Yanks Tie Astros 5-5; Wang’s Return Good; Melky Steamed at The Heartland

I’m battling a stomach bug today, so this will be brief.  Before writing up some details of the Yanks 5-5 tie today, a couple items of business.  I apologize to Nick from across the pond for not following through on his terrific idea for a Fantasy League at The Heartland, but I think I’ll have to pass.  I’ve just been too busy and, considering that others already seem to have some fantasy teams underway, it might be best for people to get their fastasy baseball fix elsewhere.  So sorry, Nick, but I thank you for asking.  I wish I had a bit more time and energy to do it.

Depending on circumstances, a good deal of posts during the 2009 season may not be as long, detailed, or for that matter as frequent as before.  Many matters are pressing and will require lots of time, effort, and late nights. I will, however, do my best to be as regular here at The Heartland as I can.

Today the Yanks tied the Astros 5-5.  Chien-Ming Wang went two scoreless innings in his first action since injuring his foot last June, allowing only two hits and walking none as his trademark bowling ball sinker was on.  He got some good defensive help from Nick Swisher, who ran down a shot off Geoff Blum’s bat in right that was marked for extra bases.  This is obviously a huge positive for Wang and the Yanks, who just weren’t the same without their laconic ace last year. As per Pete Abraham, Jose Molina and Wang characterized his sinker and work overall as follows:

Wang’s sinker was effective — “Just like last year before he got hurt,” Jose Molina said. — and he was able to cover first base without any issue.

“I was excited to be pitching,” said Wang, who no longer considers the injury anything to worry about. “My sinker was a little up. … That is normal (for this time of the year).”
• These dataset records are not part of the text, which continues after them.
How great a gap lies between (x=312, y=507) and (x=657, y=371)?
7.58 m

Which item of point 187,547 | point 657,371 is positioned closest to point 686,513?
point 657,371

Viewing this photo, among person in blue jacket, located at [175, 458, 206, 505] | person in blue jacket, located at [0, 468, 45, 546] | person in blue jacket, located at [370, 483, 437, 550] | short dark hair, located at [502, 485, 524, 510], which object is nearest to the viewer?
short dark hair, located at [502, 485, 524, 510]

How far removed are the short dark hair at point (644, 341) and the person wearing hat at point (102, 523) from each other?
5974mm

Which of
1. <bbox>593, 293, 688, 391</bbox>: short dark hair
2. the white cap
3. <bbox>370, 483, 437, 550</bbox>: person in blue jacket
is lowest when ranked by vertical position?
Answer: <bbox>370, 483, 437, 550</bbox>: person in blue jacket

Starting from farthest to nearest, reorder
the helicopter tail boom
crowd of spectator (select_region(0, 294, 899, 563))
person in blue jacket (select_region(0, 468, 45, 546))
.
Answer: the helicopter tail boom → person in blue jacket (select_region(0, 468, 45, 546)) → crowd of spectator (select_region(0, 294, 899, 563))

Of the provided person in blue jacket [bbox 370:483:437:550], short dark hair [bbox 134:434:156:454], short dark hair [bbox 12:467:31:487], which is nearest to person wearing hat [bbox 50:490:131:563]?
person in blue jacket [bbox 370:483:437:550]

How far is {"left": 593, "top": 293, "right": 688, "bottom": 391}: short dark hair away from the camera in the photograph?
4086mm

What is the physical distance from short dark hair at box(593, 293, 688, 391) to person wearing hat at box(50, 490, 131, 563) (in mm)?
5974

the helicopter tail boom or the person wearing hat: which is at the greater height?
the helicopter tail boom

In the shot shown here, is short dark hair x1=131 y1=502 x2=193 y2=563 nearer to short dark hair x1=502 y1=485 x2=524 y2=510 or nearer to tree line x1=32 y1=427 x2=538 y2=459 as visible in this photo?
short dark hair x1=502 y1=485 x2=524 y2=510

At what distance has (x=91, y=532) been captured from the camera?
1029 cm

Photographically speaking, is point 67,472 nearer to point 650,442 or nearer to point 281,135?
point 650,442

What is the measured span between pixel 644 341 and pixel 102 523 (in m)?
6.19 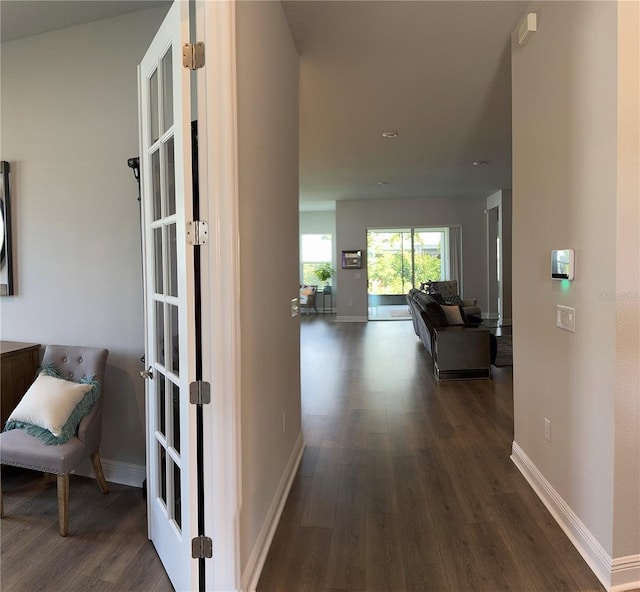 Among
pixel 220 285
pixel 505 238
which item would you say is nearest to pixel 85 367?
pixel 220 285

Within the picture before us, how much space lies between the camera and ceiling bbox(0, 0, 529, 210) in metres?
2.47

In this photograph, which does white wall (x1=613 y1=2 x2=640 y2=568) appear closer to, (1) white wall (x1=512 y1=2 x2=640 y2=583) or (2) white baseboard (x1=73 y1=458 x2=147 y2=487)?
(1) white wall (x1=512 y1=2 x2=640 y2=583)

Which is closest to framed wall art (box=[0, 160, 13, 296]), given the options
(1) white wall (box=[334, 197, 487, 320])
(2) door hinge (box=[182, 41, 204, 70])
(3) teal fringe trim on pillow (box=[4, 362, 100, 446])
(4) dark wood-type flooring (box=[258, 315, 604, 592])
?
(3) teal fringe trim on pillow (box=[4, 362, 100, 446])

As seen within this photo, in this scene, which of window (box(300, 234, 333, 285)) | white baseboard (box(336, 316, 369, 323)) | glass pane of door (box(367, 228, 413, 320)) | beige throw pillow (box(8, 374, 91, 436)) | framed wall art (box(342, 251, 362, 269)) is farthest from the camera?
window (box(300, 234, 333, 285))

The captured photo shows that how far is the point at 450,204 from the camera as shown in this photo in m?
A: 9.77

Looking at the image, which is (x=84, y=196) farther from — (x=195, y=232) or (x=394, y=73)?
(x=394, y=73)

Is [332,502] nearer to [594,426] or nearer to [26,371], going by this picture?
[594,426]

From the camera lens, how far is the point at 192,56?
→ 1.52 meters

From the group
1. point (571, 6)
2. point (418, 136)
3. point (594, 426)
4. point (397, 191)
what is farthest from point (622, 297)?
point (397, 191)

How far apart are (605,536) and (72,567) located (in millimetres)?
2332

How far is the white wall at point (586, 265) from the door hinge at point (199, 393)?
1609mm

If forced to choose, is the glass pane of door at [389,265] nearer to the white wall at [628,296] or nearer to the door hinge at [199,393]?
the white wall at [628,296]

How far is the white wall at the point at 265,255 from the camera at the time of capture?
1744mm

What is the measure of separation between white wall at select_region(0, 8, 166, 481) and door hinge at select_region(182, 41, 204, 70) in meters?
1.20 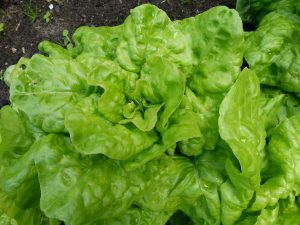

Excellent signs all around for Wang.  However, as in other recent games, the bullpen struggled, this time late.  Tomko and Claggett weren’t bad, allowing a run, a hit, and a walk apiece in two innings of work each.  Wilkin De La Rosa pitched a scoreless seventh, but George Kontos imploded, allowing three runs on three hits and a walk to surrender a 5-2 lead.  Steven Jackson allowed three hits in 1 2/3 IP to finish up.

Yet the bats were good and, in what I consider a very good sign, again jumped on the opponent’s starter early.  Damon led off with a single and Melky’s triple gave the Yanks a 1-0 lead.  Swisher then walked–another good sign–Posada singled–another good sign–and Swisher chugged into third, but Ransom’s 4-6-3 DP made it 3-0 without an RBI on the play.  Berroa doubled and Melky drove him in to make it 4-0, and Berroa later homered to add some life to the utility infielder position, as well as make it 5-0.  Kudos to Melky, a regular reader of this blog, for responding with such vigor after I discussed the CF competition thus far being a one-horse race. He sent me several texts during the game–as he usually does when he isn’t busy waving to fans during the roll call.  Let’s just say neither the tone nor the language were polite enough for publishing.  Let’s see what other tough-love techniques I have up my sleeve the rest of Spring Training…

In the six ST games thus far, the Yankees have scored 21 of their 34 runs in the first four innings, including 16 over that stretch in the last four games.  Those are good signs.  The regulars and reserves alike are starting games hot, against opponents’ starters, and some major-league quality ones at that.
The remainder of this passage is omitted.